#### Data for this exercise:
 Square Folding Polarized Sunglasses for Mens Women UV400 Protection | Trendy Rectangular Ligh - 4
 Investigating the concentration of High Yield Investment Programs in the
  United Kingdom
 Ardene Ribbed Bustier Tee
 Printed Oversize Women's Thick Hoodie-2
...
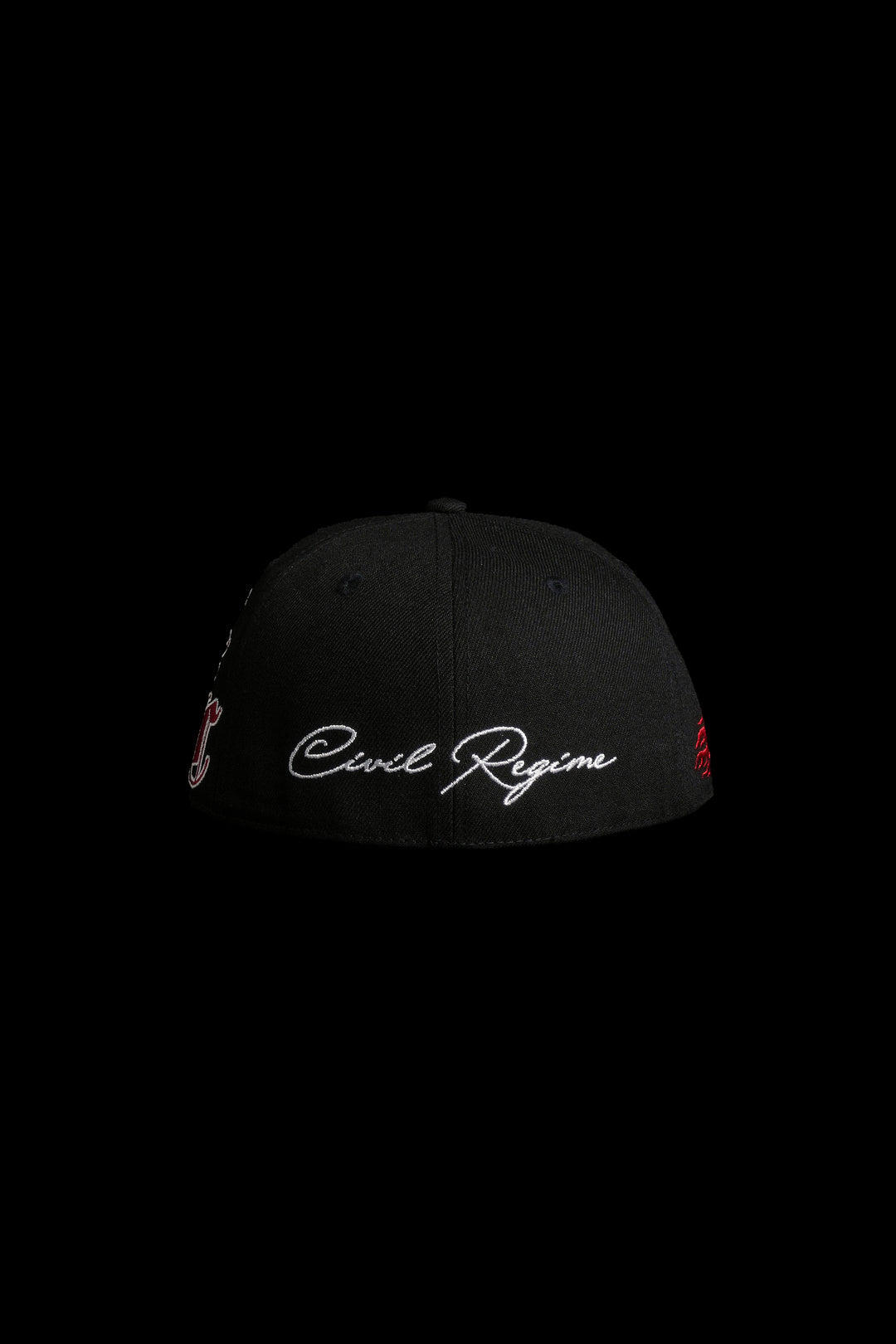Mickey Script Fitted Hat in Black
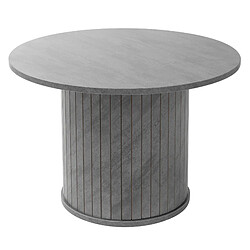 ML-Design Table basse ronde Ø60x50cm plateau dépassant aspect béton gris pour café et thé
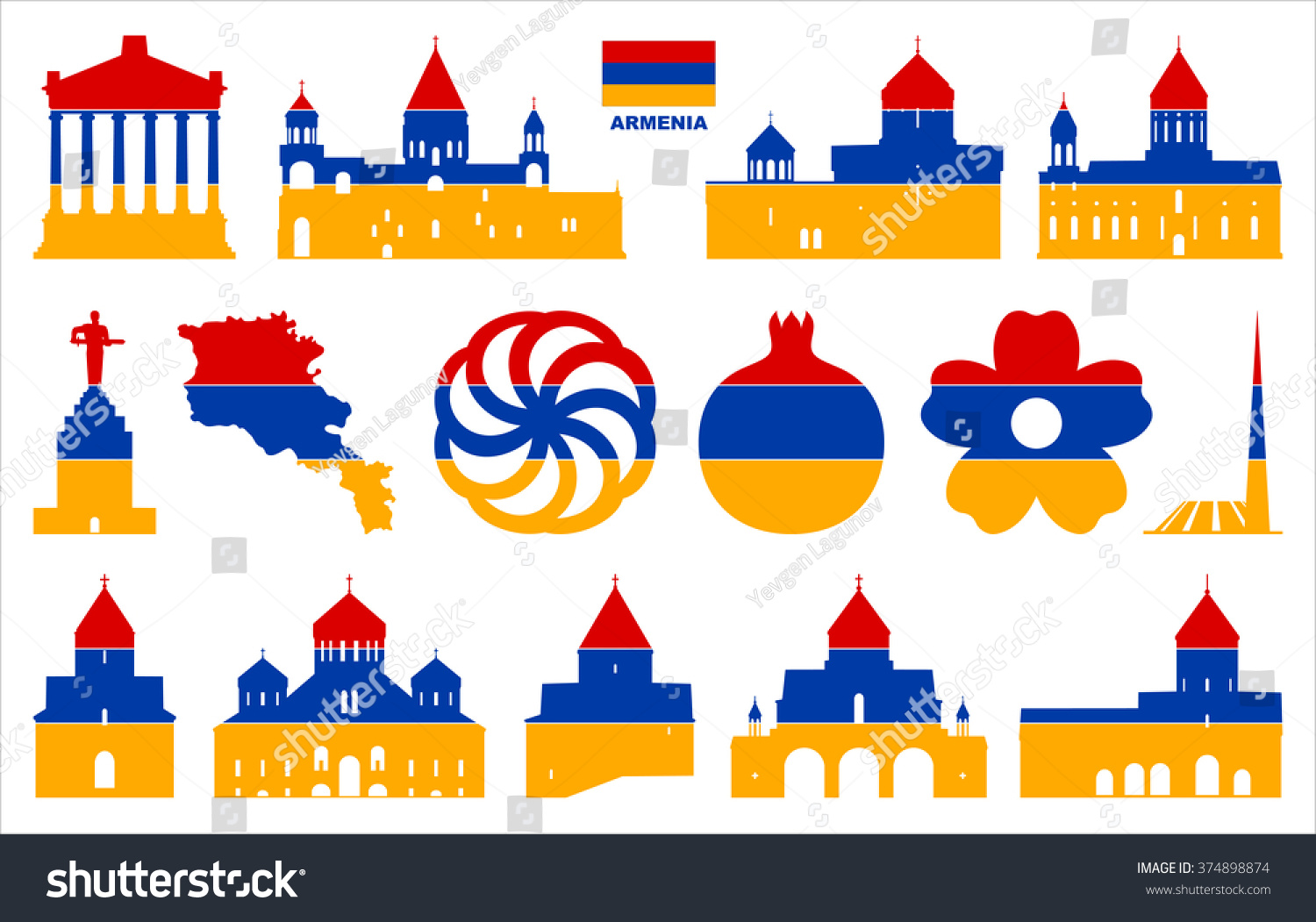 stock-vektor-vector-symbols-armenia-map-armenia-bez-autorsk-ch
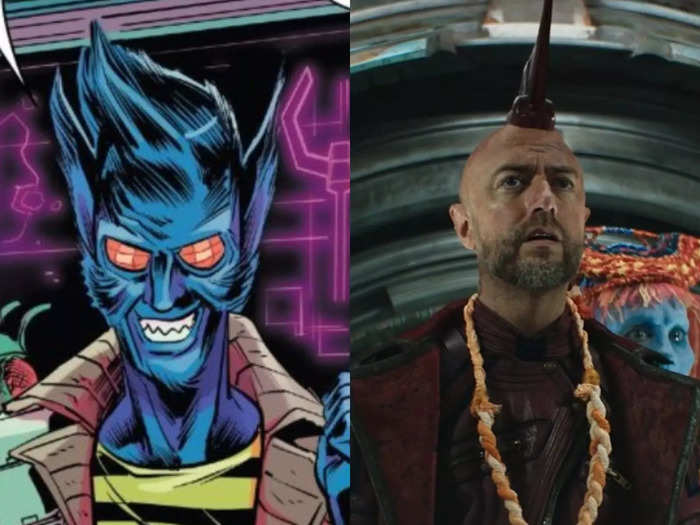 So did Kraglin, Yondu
--
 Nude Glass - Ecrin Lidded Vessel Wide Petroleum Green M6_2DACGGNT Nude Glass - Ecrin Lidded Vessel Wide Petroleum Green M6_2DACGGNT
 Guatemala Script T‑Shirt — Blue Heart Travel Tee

#### Task brief:
Which lines above run from the one containing "Ardene Ribbed Bustier Tee" down to the one containing "Printed Oversize Women's Thick Hoodie-2"? Repeat exactly those, both ends included, and nothing else.

#### Solution:
 Ardene Ribbed Bustier Tee
 Printed Oversize Women's Thick Hoodie-2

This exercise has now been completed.